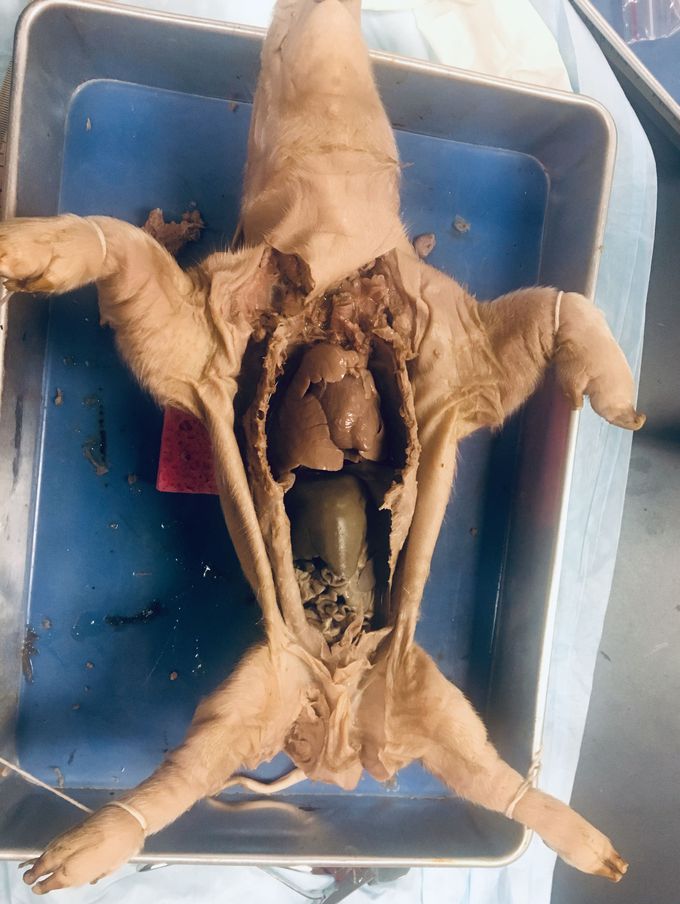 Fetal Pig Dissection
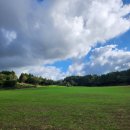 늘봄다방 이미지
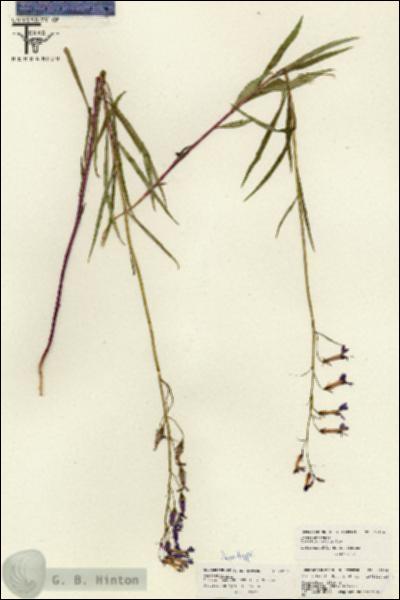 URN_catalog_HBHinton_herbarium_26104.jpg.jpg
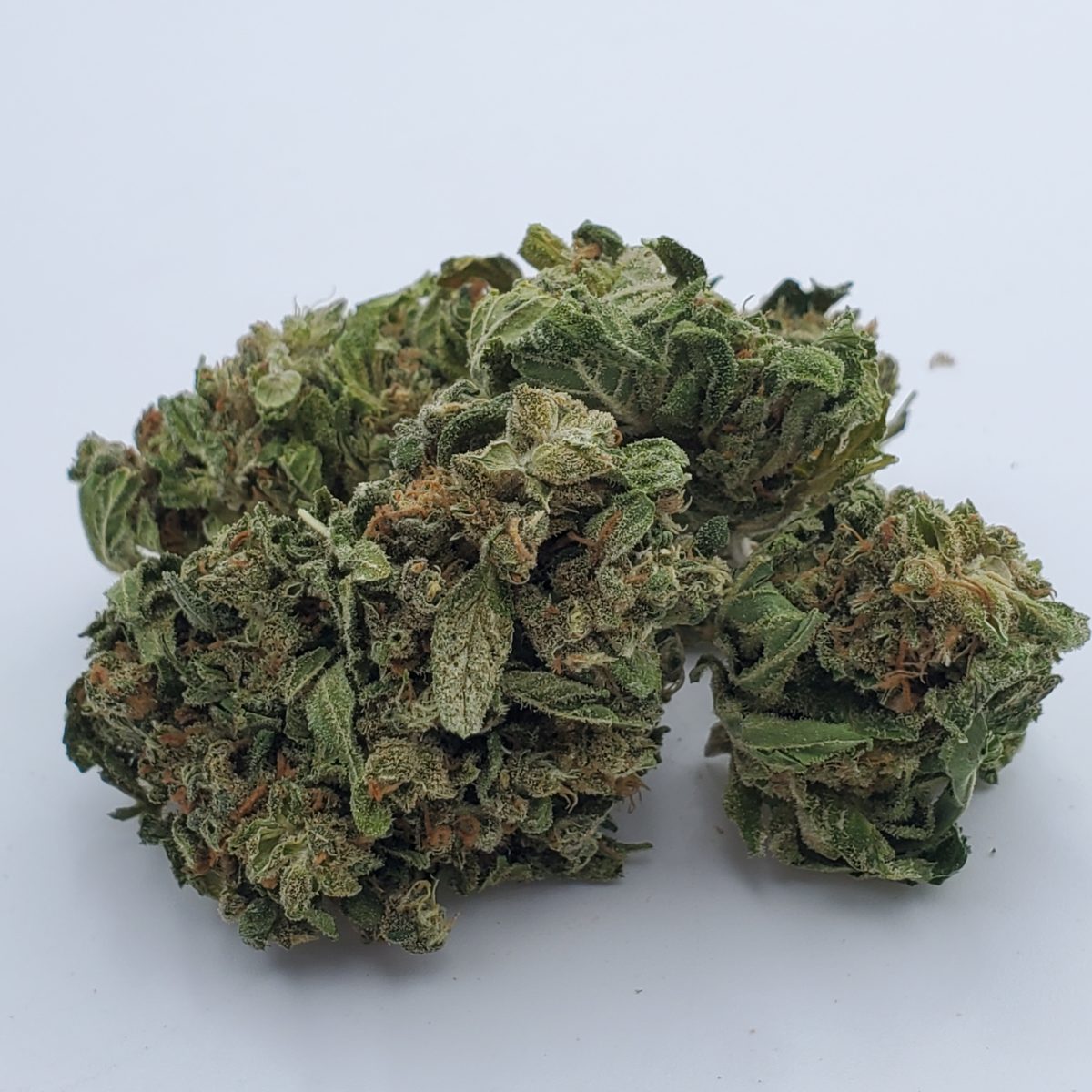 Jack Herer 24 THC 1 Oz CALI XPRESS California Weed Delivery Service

* _WHAT IS EXPECTED_
Without changing a single word, set down all of the material again and leave out its pictures.

* _ANSWER AREA_
 Fetal Pig Dissection
 늘봄다방 이미지
 URN_catalog_HBHinton_herbarium_26104.jpg.jpg
 Jack Herer 24 THC 1 Oz CALI XPRESS California Weed Delivery Service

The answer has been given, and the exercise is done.